One of the things these analytics has done is look at trying to predict when there will be surges in demand and make sure our staffing is appropriate for that so that when your loved one comes in next you don’t happen to come in at a bad luck time where you’re waiting an hour to get care. So that’s an example of where analytics can be used to.
Also, for example, across the country, not just at HCA, a problem out there is when people get a chest X- Ray or CAT scan for some reason or another, and in the report incidentally might be a nodule, and what we’re trying to do is use this to use natural language processing to look at all those reports and detect any nodule that somebody may not have followed up on and make sure that patient gets care earlier.
Wouldn’t you rather have a loved one be called and seen earlier and followup, detect a lung cancer earlier and survive because an algorithm was out there making sure nothing was missed anywhere?
It’s not just an HCA problem. Across the country, these followups of nodules are a major effort. So I say all this Chip to say that wherever there’s a problem where we want to improve outcomes for patients, whether that be access or detecting things earlier for intervention, that’s where we’re aiming this. And there’s a variety of different projects that are looking at opportunities for that.
Chip Kahn (12:38):
Jim, how does this technology go from the big data, from all of your data on blood gases or your data from imaging, to be used by caregivers at the bedside? Meaning, how are they using the information you are given to actually get to the doctor, get to the nurse and make the kind of difference that you’re describing like you did with sepsis?
Jim Jirjis (13:03):
That’s a great question. There’s two parts to this. One is getting the data, and we’ll talk I think in a bit about what’s happening with interoperability, hitting the data in a state where you can actually do these analytics and actually determine what I call the signal, the nudge. What do you do with the nudge? It’s like a football game, sometimes you make a pass, sometimes you run the play. And I’ll give you a couple of examples. A signal doesn’t do anything unless it’s handed to the right person at the right time to act. So we have put in place a set of scalable tools that take a signal when we in one hospital figure out how to make an intervention and get that to someone and we demonstrate we can improve care, to rapidly get that out to all of our hospitals. It’s something called Raven. It’s a communication system.
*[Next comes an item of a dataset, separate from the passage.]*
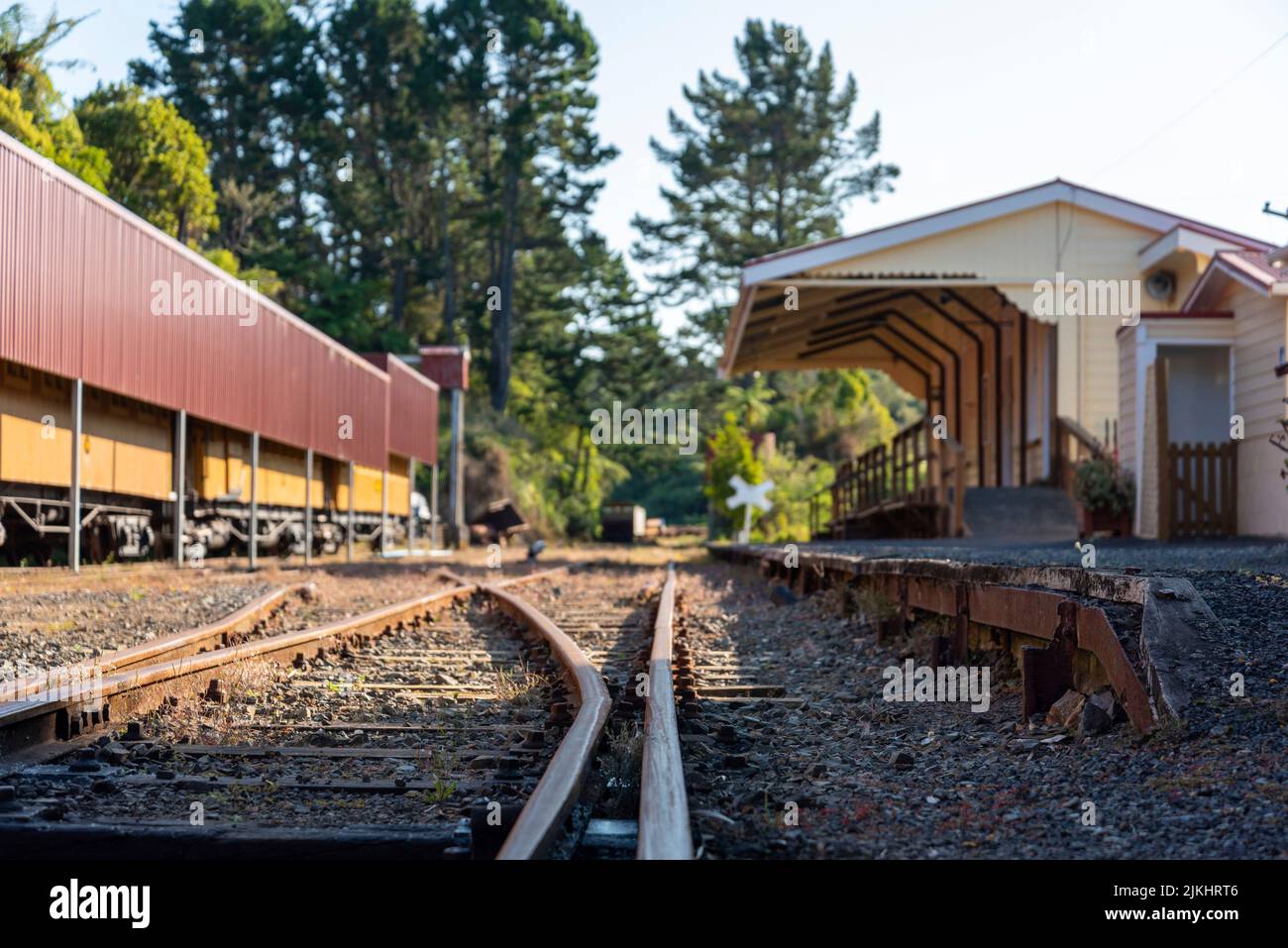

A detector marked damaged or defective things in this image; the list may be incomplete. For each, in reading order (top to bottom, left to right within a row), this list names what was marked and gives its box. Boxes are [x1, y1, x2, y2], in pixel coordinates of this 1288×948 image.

But let me tell you a story. One day, about a year ago, year and a half ago, I gave a talk saying, “If any of you have a signal that you want to get at that time, secure message to a clinician or a manager or something, we’re ready to do that, but we need ideas for how to improve care.” This doctor came up to me, he was in new CMO for one of our divisions, Sebastian Strong, and he said, “I have an idea.” He said, “I just came into this role … ” And when you’re taking care of a stroke patient Chip, it’s like a heart attack. If you come in, can’t speak, your left arm isn’t working, the longer you wait before you break up that clot that’s causing a block in the blood flow to the brain, the longer you wait, the more likely you’ll die or be paralyzed the rest of your life. So nationally there’s this impetus to when a patient hits the ER, within an hour, do all the CAT scans, anything you need, but within an hour have that clot-buster medicine going in your vein to dissolve the clot so that you have less chance of dying or being paralyzed.
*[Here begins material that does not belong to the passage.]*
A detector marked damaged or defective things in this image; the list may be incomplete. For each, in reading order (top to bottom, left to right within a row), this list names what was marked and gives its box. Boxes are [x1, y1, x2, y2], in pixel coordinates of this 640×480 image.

And (inaudible 00:14:55) we measure how we do because we’re always wanting to do better. We’re doing really well in that area. But with our competitive nature, this doctor said, “I’m last in the company.” So a patient that went to one of his hospitals had a greater chance of either dying or being paralyzed than elsewhere. He wasn’t satisfied. So his idea was real time, let’s have the computer detect when the patient came to the ER, hit the ER, and when that clot-buster medicine was actually dripping in their vein, we have that, and then immediately calculate whether they were on target with the time or not. And if they were, given them an [Addagirl 00:00:15:30]. And if they weren’t, say you didn’t meet the time, do an assessment as why we’re going to be talking to you tomorrow so we can change the system to do better. That’s a simple intervention, Chip. And what happened was, in his division, he went in three months from last in the company to number two in the company and has sustained it.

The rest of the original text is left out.